Umm... you don't have to dodge them all.. just the ones in your way....


----------



## camaraderie (May 22, 2002)

Jeff...you are right about the taste...but I found that I can buy MAINE lobsters in NY grocery stores cheaper than in Maine!! Now if you can throw a few bills at a lobster boat guy...that is a fresh and tasty BARGAIN! 

Dawg...right...so we're back to a billion eh?


----------



## sailingdog (Mar 19, 2006)

Cam-

I steer around the largest concentrations... so I only have to dodge a million.  But, I can understand that at your age... seeing the buoys can be tough.


----------



## JeffreySiegel (Jun 8, 2007)

Nah...we let the mediocre ones out of the state. There's a difference.

I challenge anyone to pull into Lunt Harbor on Frenchboro Island, grab a mooring, eat a lobster at the local lobster pool and tell me that it's just as good anywhere else.
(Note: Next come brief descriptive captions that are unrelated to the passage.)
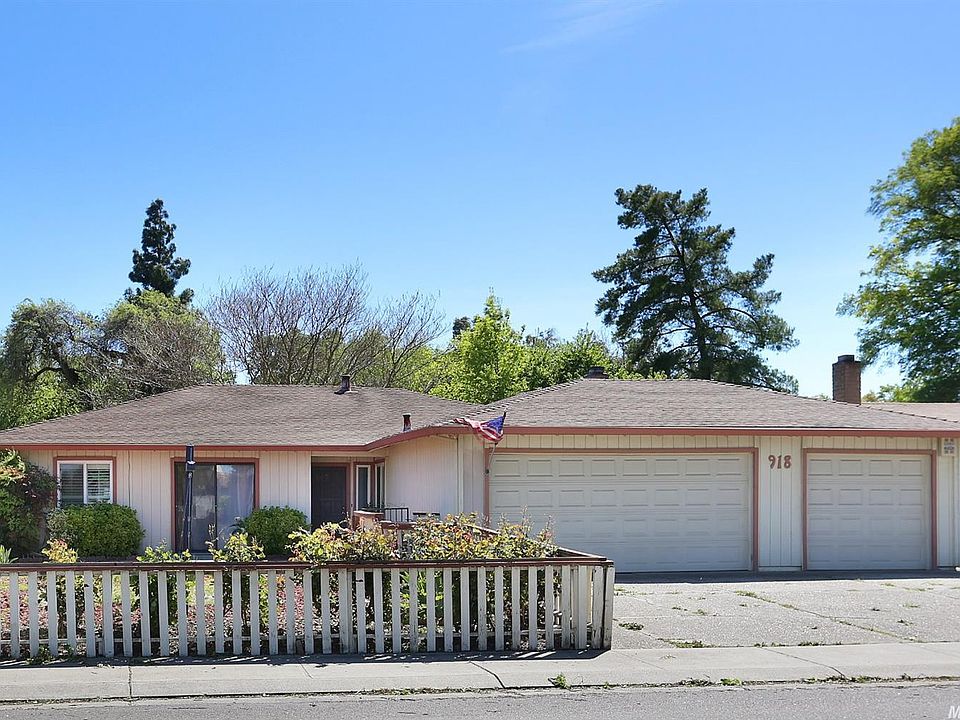 1st image of 918 Royal Oaks Dr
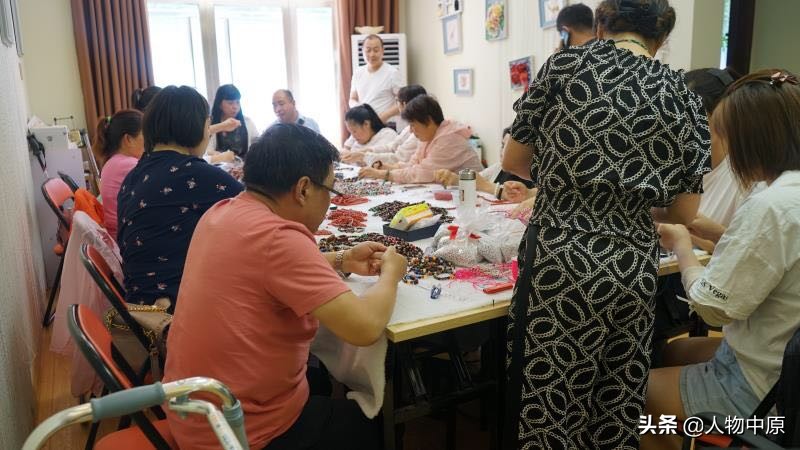 残疾人推广自己的手工艺品,残疾人手工艺品制作工作室简介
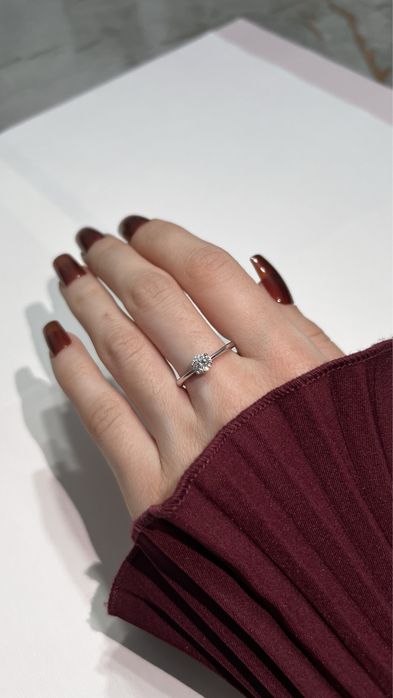 Серебряные кольца с муассанитом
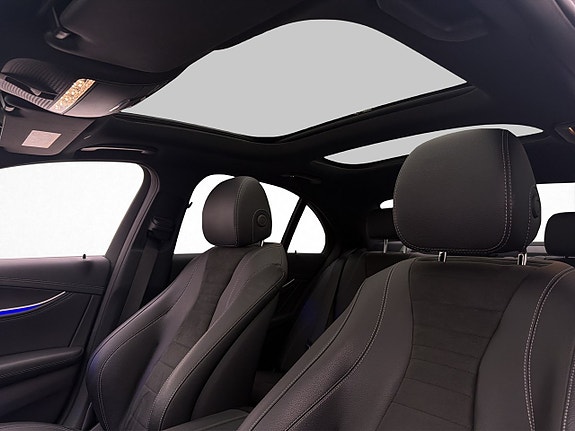 Mercedes-Benz E220 15 of 30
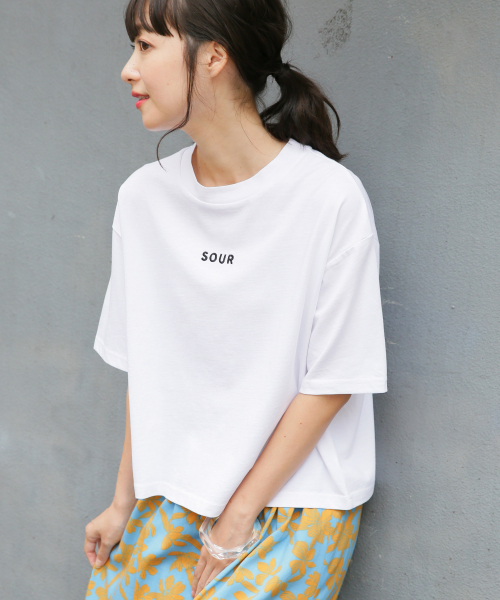 LOWRYS FARM（ローリーズファーム）の「チビロゴＴＥＥ　837987（Tシャツ/カットソー・レディース・ブラック/ベージュ/オフホワイト/パープル・FREE）」の2枚目の写真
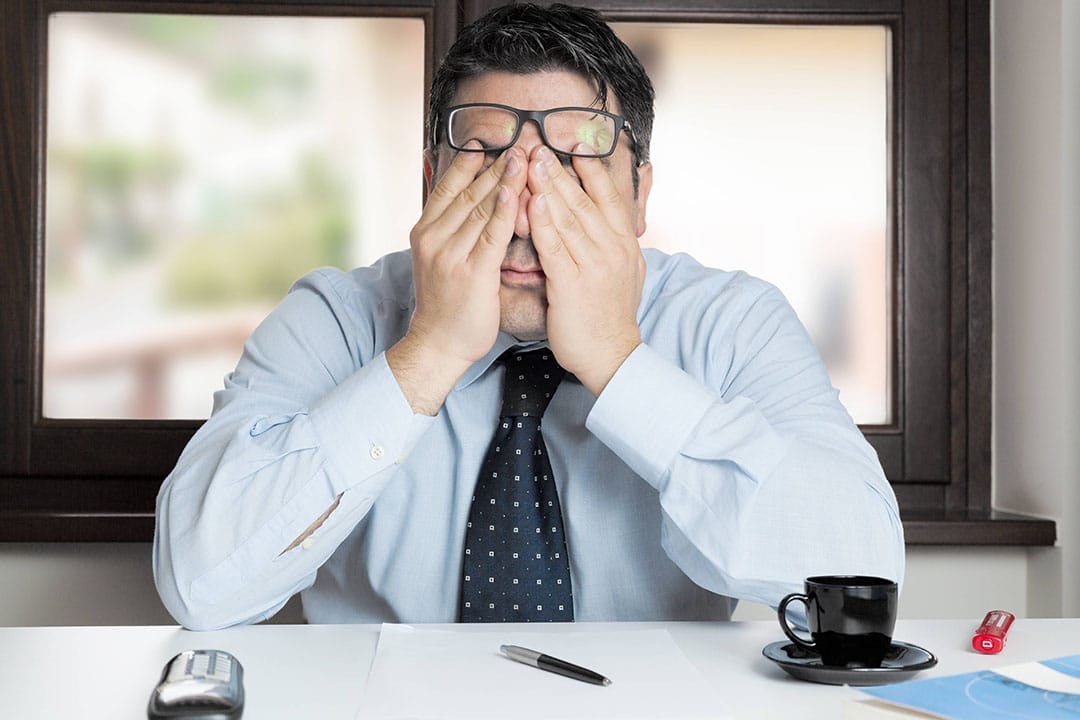 Personne âgée fatiguée durant la journée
Also, it's a lot less expensive here - not counting the couple you can easily bum off a lobsterman. I just returned to Maine from Florida on my boat and saw the lobster prices all along the coast. It was pretty shocking...


----------



## camaraderie (May 22, 2002)

Gawd Jeff...you almost make we want to make the trip again!! I think I'll wait till I get the RV though!! (G)


----------



## TSOJOURNER (Dec 16, 1999)

JeffreySiegel said:


> Nah...we let the mediocre ones out of the state. There's a difference.
> 
> I challenge anyone to pull into Lunt Harbor on Frenchboro Island, grab a mooring, eat a lobster at the local lobster pool and tell me that it's just as good anywhere else.
> 
> Also, it's a lot less expensive here - not counting the couple you can easily bum off a lobsterman. I just returned to Maine from Florida on my boat and saw the lobster prices all along the coast. It was pretty shocking...
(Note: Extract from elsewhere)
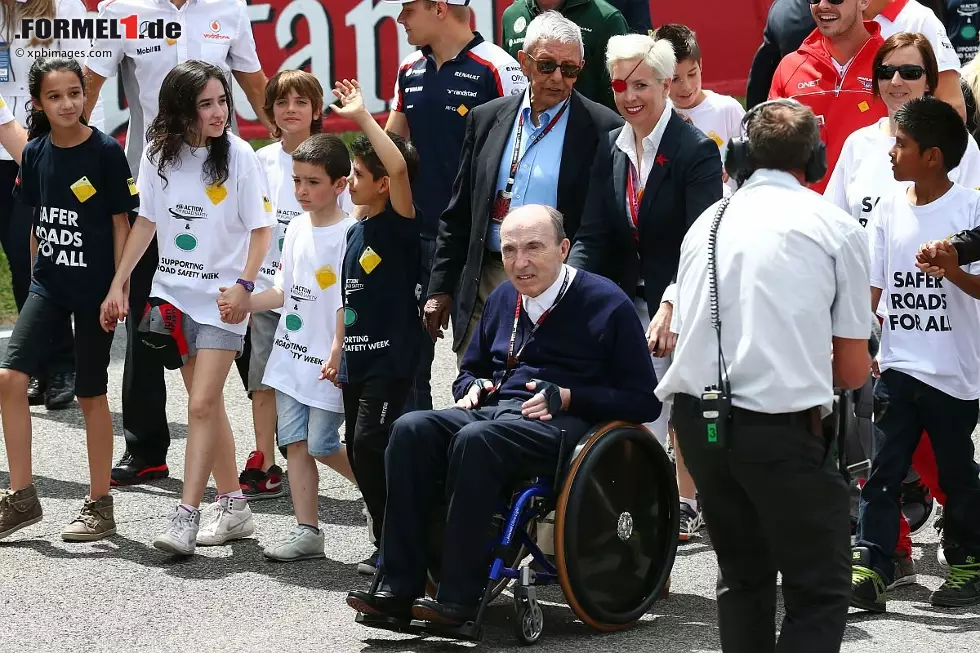 Foto zur News: Verstärkt engagiert sich Maria de Villota nun für die Sicherheitskampagnen der FIA, wie hier mit Williams-Teamchef Frank Williams. Als Botschafterin für Frauen im Motorsport ist sie eine begehrte Gesprächspartnerin bei FIA-Foren und sonstigen Aktivitäten des Weltverbands. Außerdem bringt sie ihre Geschichte zu Papier, arbeitet an einem Buch.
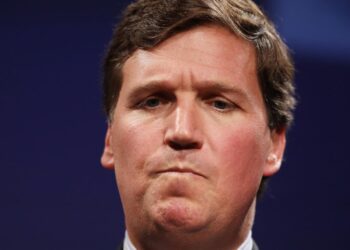 CNN’s Oliver Darcy says he requested ,000 on Venmo from Tucker Carlson, who he says made a bet that Darcy would lose his job CNN’s Oliver Darcy says he requested ,000 on Venmo from Tucker Carlson, who he says made a bet that Darcy would lose his job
Frenchboro, Long Island was one of my most memorable stops. I anchored in the cove on the NE side and walked over through the woods to Frenchboro where I ate one of those lobsters. The best.

Paul


----------



## nolatom (Jun 29, 2005)

camaraderie said:


> *watch out for lobster pot buoys... there are a billion of them to dodge. *
> 
> Dawg..you keep getting your facts wrong....ther are actually a TRILLION pots!! (G)


Look on the bright side..you won't need a dinghy. You can walk ashore on snowshoes... ;-)

That's what we used to say about Cape Porpoise.


----------